Chance Of ‘Megadrought’ In U.S. Southwest Now 50 Percent, Study Concludes

By Veronica Rocha, Los Angeles Times

The chance of a “megadrought” gripping the Southwest for more than 30 years has increased to 50 percent, scientists say, which means bad news for California’s already parched landscape.

The odds of a 10-year drought afflicting the southwestern United States have increased to 80 percent, according to a new study by Cornell University, the University of Arizona, and the U.S. Geological Survey.

Whatever happens, California is likely to see prolonged drought and drier conditions, especially in the southern portion of the state, said Toby Ault, Cornell assistant professor of earth and atmospheric sciences and lead author of the study, which will be published next month in the American Meteorological Society’s Journal of Climate.

The current drought, he said, is a preview of what will “happen in the future in climate change.”

“I am not trying to say this is imminent,” he said, “but the risk is high.”

Nearly 82 percent of California is experiencing “extreme” drought — the fourth harshest on a five-level scale measured in weekly U.S. Drought Monitor reports. But roughly 58 percent of the state is facing worse, “exceptional” drought conditions.

Using climate model projections, researchers determined that prolonged drought would probably hit New Mexico and Arizona as well as California.
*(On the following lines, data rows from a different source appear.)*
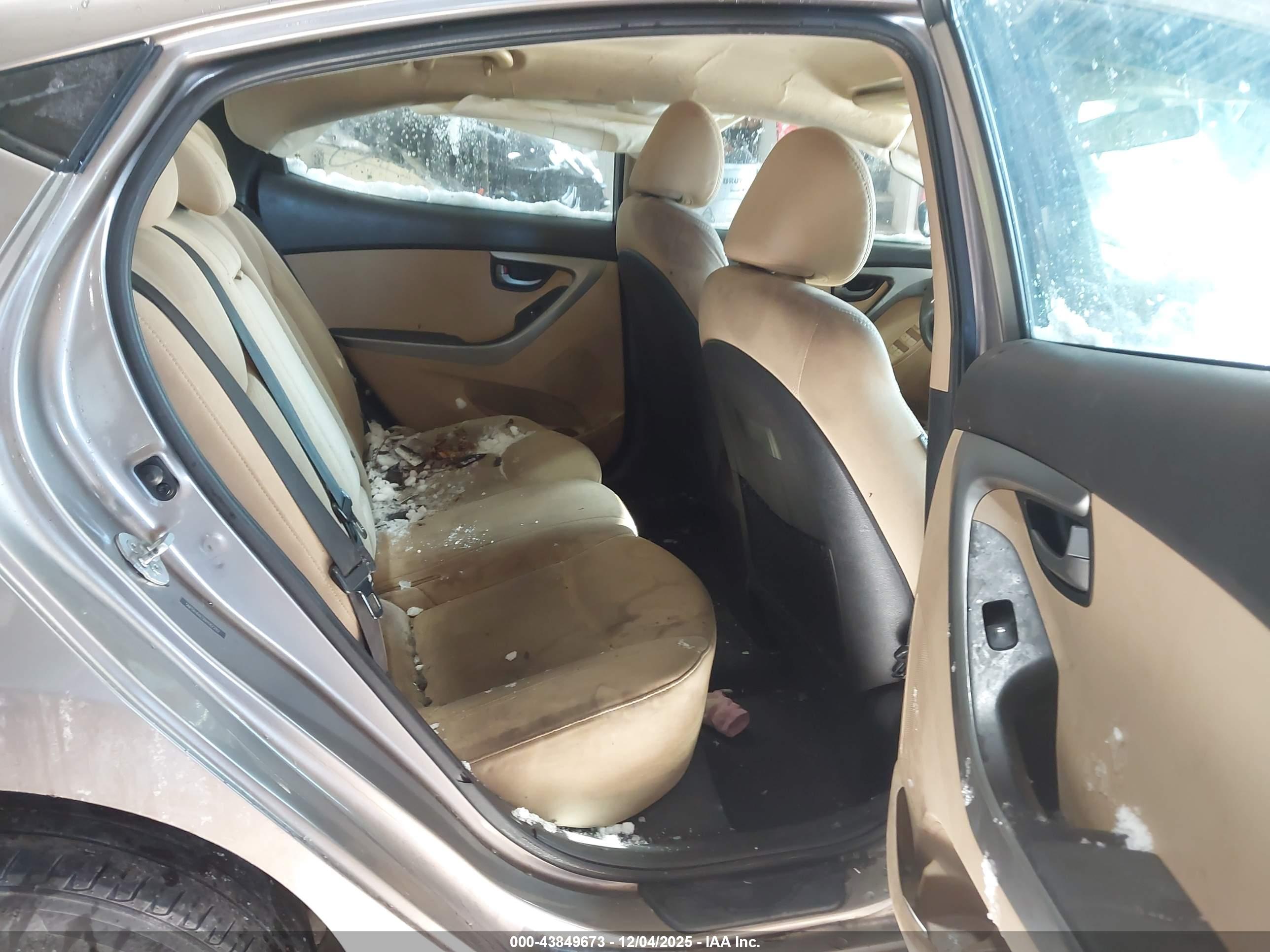 HYUNDAI ELANTRA image 8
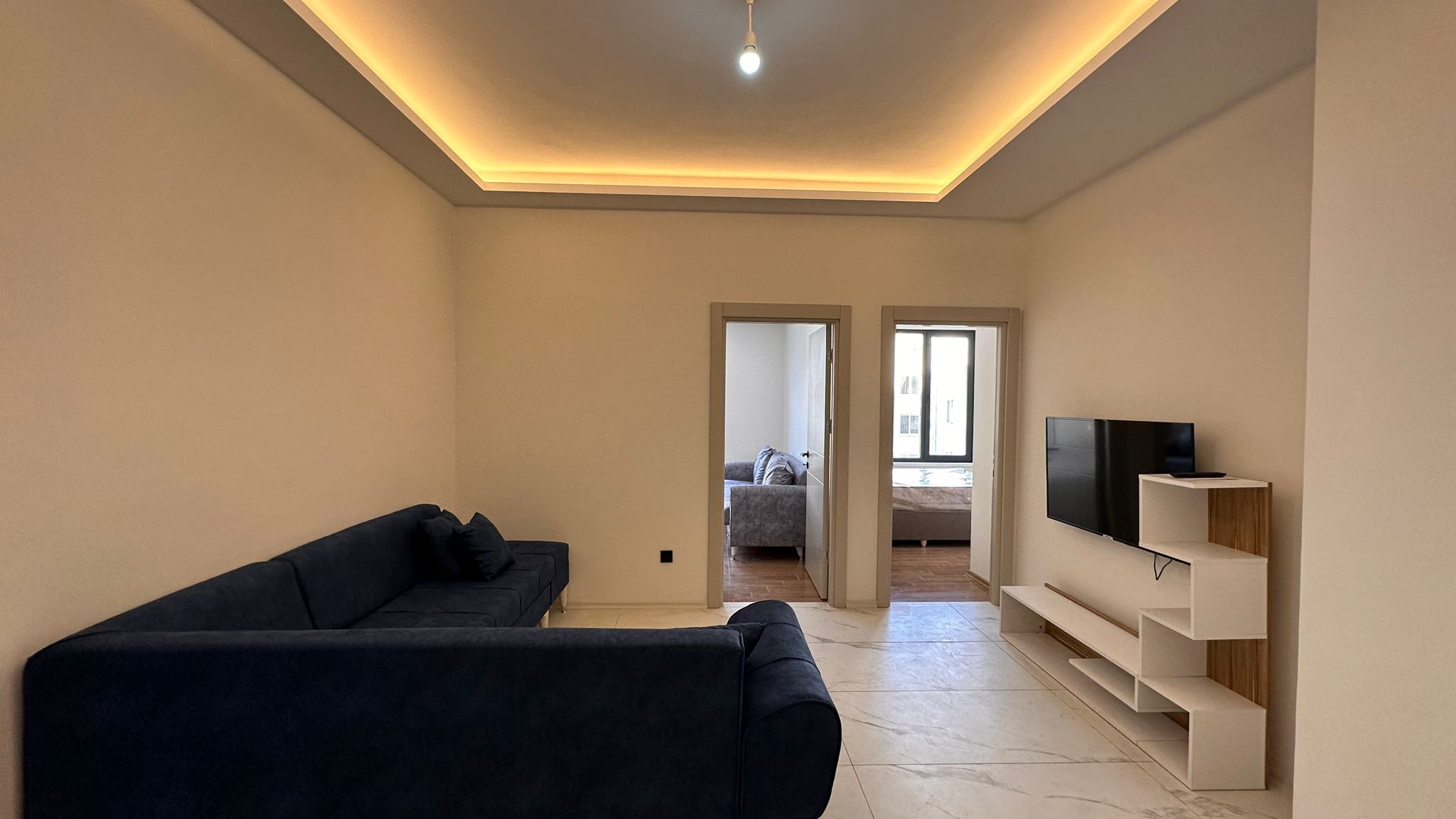 ERENLERDE LÜKS 2+1 MERKEZİ KONUMDA KİRALIK DAİRE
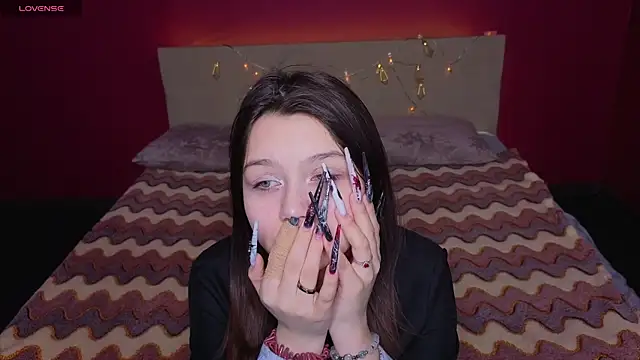 xxxnaughtyfoxyxxx online show from April 2026 11:07:02 AM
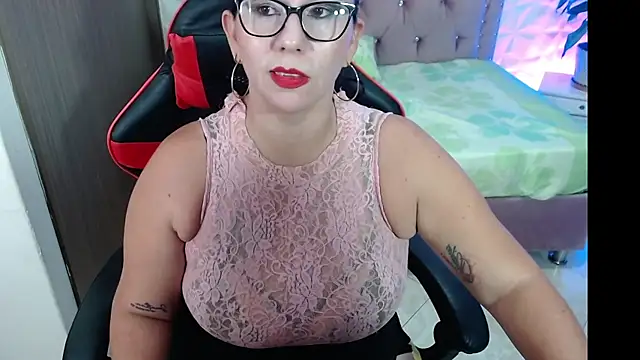 Snapshot of ashleylove_prg chatting on 12-29-24, 06:45 ashleylove prg online show from 12-29-24, 06:45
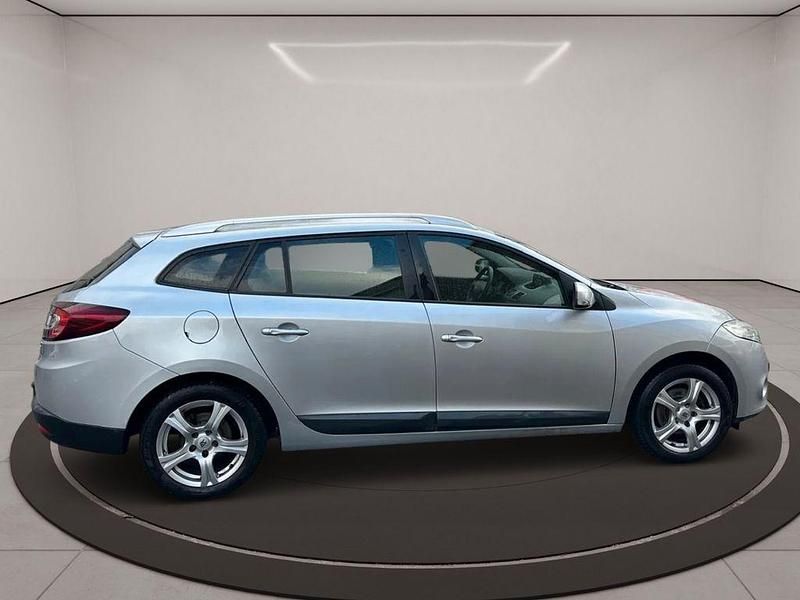 Silber Gebraucht 2010 Renault Mégane III Expression Limousine | 3.950 € (Fairer Preis) - Bild 1/4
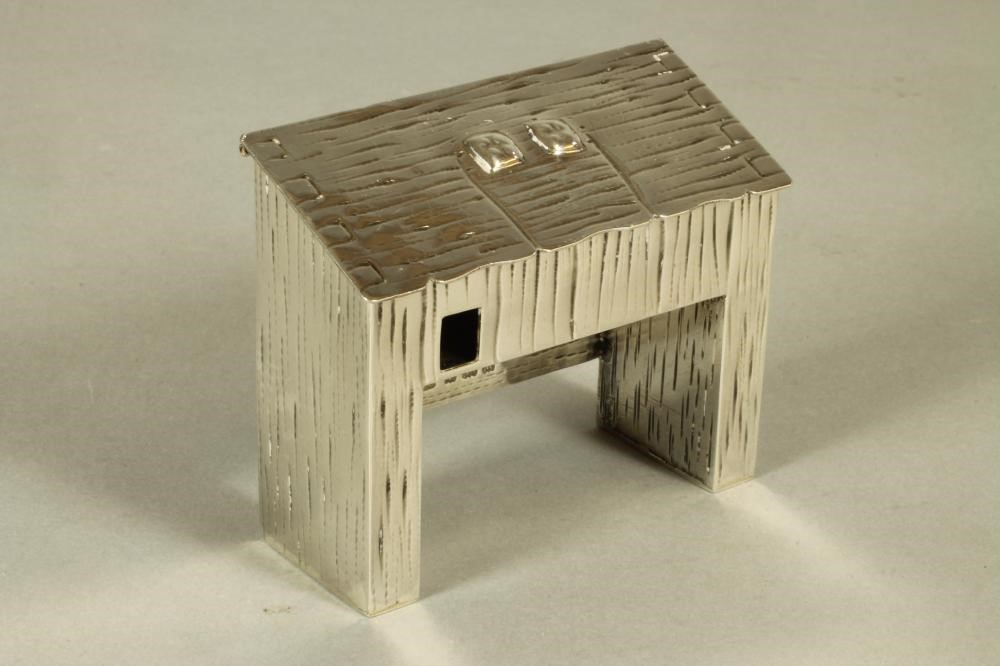 AN EDWARDIAN SILVER NOVELTY FARMYARD COOP Image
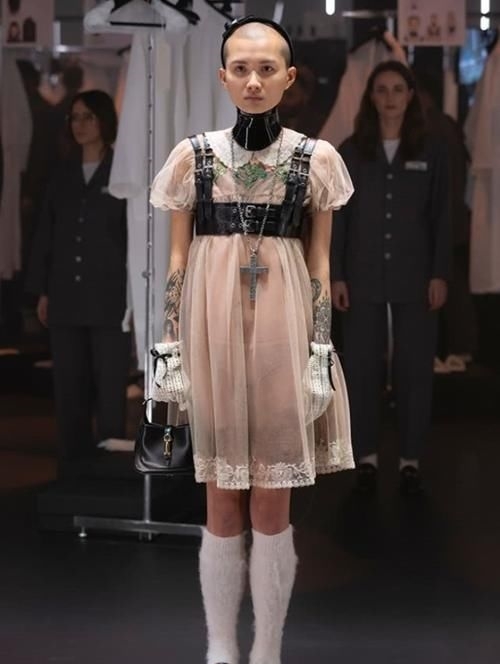 #设计#这季的GUCCI大秀“童装”大秀中,拥有“厌世脸”的她最惊艳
On the other hand, the chances for the same conditions affecting parts of Idaho, Washington and Montana may actually decrease.

Megadrought conditions may also strike Australia, southern Africa, and the Amazon, the researchers said.

The risk for a decade-long drought like the 1930s Dust Bowl is even more alarming because researchers say such events occur “on average once or twice per century.”

According to researchers, the findings are important for governments to consider as they develop strategies for coping with the effects of climate change in densely populated areas where megadroughts — “worse than anything seen during the last 2,000 years” — would pose “unprecedented challenges” to water resources.

The severity of future droughts discussed in the report could also worsen as temperatures increase, which may be underestimated even with state-of-the-art global climate models, the scientists warned.